• **Collected data**
◇ ◇ ◇ ◇

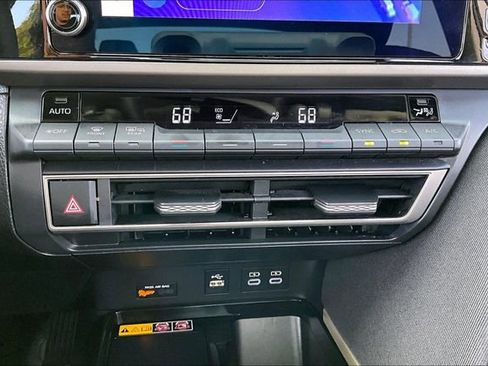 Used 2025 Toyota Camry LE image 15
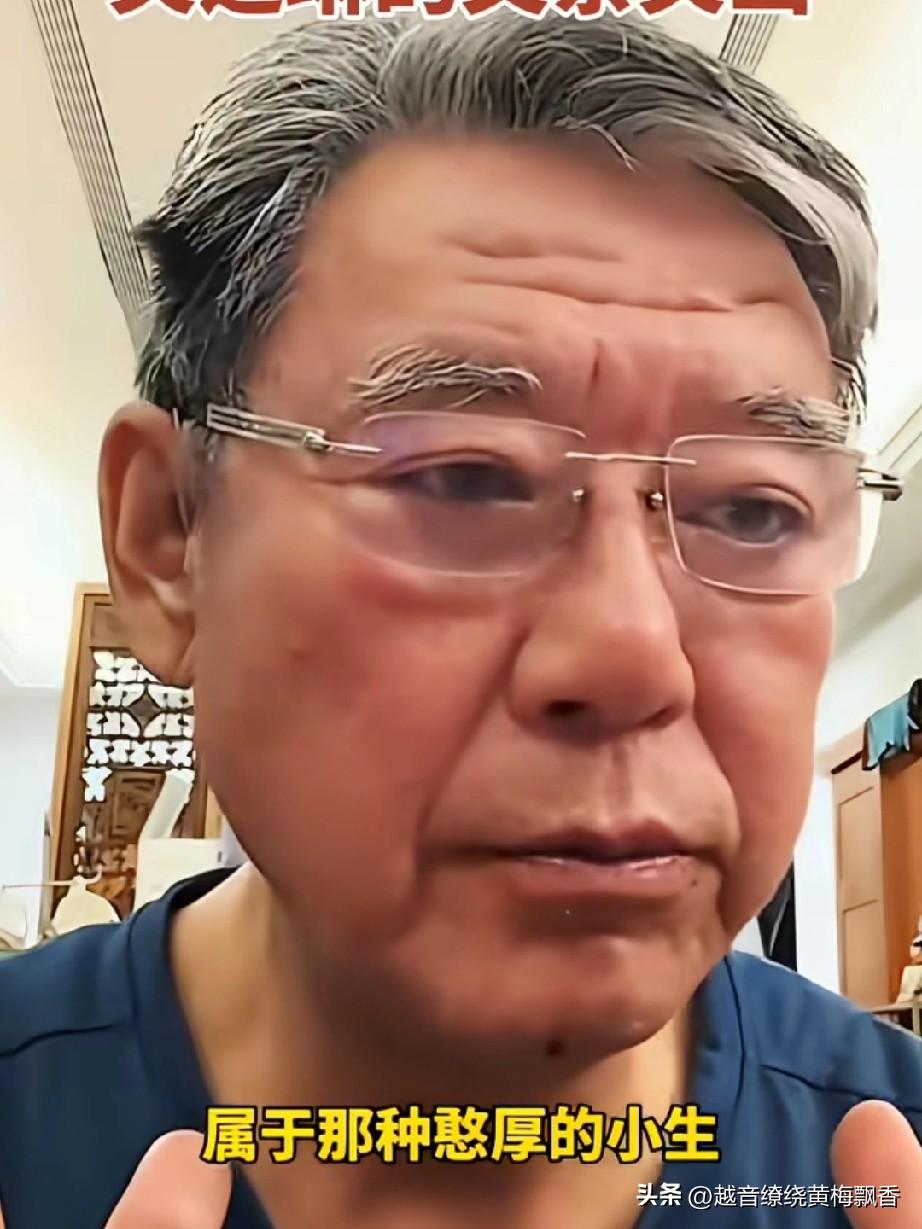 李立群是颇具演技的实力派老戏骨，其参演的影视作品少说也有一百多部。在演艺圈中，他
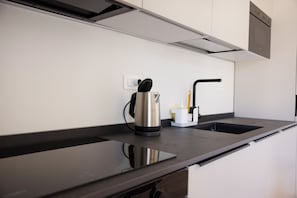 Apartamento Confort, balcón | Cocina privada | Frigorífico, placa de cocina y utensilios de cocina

◇ ◇ ◇ ◇

• **Problem to solve**
Drop the pictures; repeat the listing above exactly.

• **Answer box**
 Used 2025 Toyota Camry LE image 15
 李立群是颇具演技的实力派老戏骨，其参演的影视作品少说也有一百多部。在演艺圈中，他
 Apartamento Confort, balcón | Cocina privada | Frigorífico, placa de cocina y utensilios de cocina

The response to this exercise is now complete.